L’Agenzia delle Nazioni Unite per i Rifugiati (UNHCR) guida gli interventi a livello internazionale volti a proteggere le persone costrette a fuggire dalle proprie case a causa di conflitti e persecuzioni. Forniamo assistenza salva-vita quale alloggio, cibo e acqua, contribuiamo a salvaguardare i diritti umani fondamentali ed elaboriamo soluzioni finalizzate ad assicurare che le persone abbiano un luogo sicuro da considerare come casa propria, dove possano costruirsi un futuro migliore. Lavoriamo anche per garantire che sia accordata la nazionalità agli apolidi.

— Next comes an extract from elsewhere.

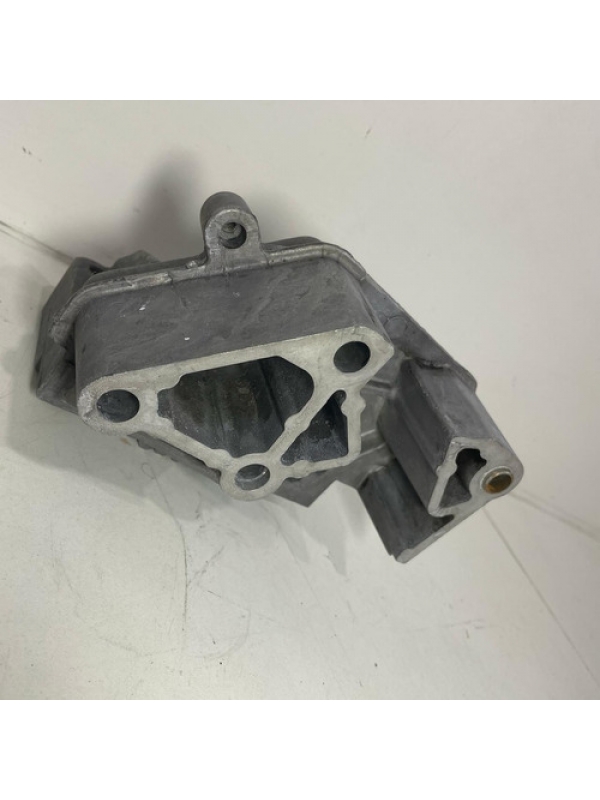 Suporte Do Motor Renault Master 2.5 2004 / 2005 06 07 À 2012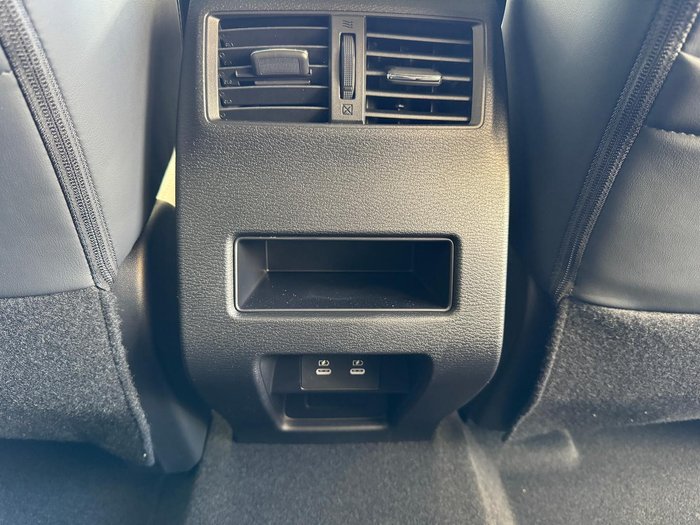 2025 Mitsubishi Outlander Aspire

Nota sulle statistiche relative all’apolidia:

L’apolidia colpisce milioni di persone in tutto il mondo. In alcuni paesi vi sono centinaia di migliaia di apolidi e non esiste una Regione del mondo che non sia toccata dal problema dell’apolidia. A causa della natura stessa dell’apolidia, è difficile determinare con esattezza quante persone in tutto il mondo ne siano colpite o siano a rischio di esserlo. I dati sull’apolidia vengono raccolti dai governi e comunicati all’UNHCR. Nel 2017, circa 70 paesi hanno dichiarato un totale di 3,9 milioni di persone apolidi. Ma secondo le stime dell’UNHCR questa cifra rappresenta solo una parte del totale, mentre il numero reale potrebbe essere fino a tre volte più elevato.

 

Nota sulla campagna #IBelong per porre fine all’apolidia:

Il 4 novembre 2014, l’UNHCR ha lanciato la campagna #IBelong per porre fine all’apolidia entro il 2024. L’apolidia è un problema creato dall’essere umano e relativamente facile da risolvere e prevenire. Con la necessaria volontà politica e il sostegno pubblico, milioni di persone in tutto il mondo potrebbero acquisire la nazionalità e impedire che i propri figli nascano apolidi. La campagna #IBelong è supportata da un piano d’azione globale che definisce misure concrete che consentano agli Stati di risolvere il problema. Con l’acquisizione della nazionalità, milioni di persone apolidi in tutto il mondo potrebbero ottenere pieno accesso ai propri diritti umani e godere di un senso di appartenenza alla propria comunità. Nel 2019 la campagna arriverà a metà del suo percorso e l’UNHCR organizzerà un evento per mostrare i risultati ottenuti e richiedere gli stati il loro impegno a prevenire e sradicare l’apolidia. Per ulteriori informazioni, si visiti il sito: http://www.unhcr.org/ibelong/

Nota sulla pubblicazione “Buone prassi nelle leggi sulla nazionalità per la prevenzione e la riduzione dell’apolidia”:

Questo nuovo manuale offre esempi pratici di disposizioni giuridiche nazionali che permettono agli Stati di realizzare quanto segue:

  • Prevenire totalmente l’apolidia infantile
  • Abolire la discriminazione di genere nelle leggi in materia di nazionalità
  • Stabilire procedure per identificare gli apolidi e facilitarne la naturalizzazione
  • Garantire che nessuno diventi apolide a seguito della privazione o perdita della nazionalità

Il manuale identifica e promuove anche alcune buone prassi nelle leggi sulla nazionalità, incoraggiando gli stati a prenderle in considerazione.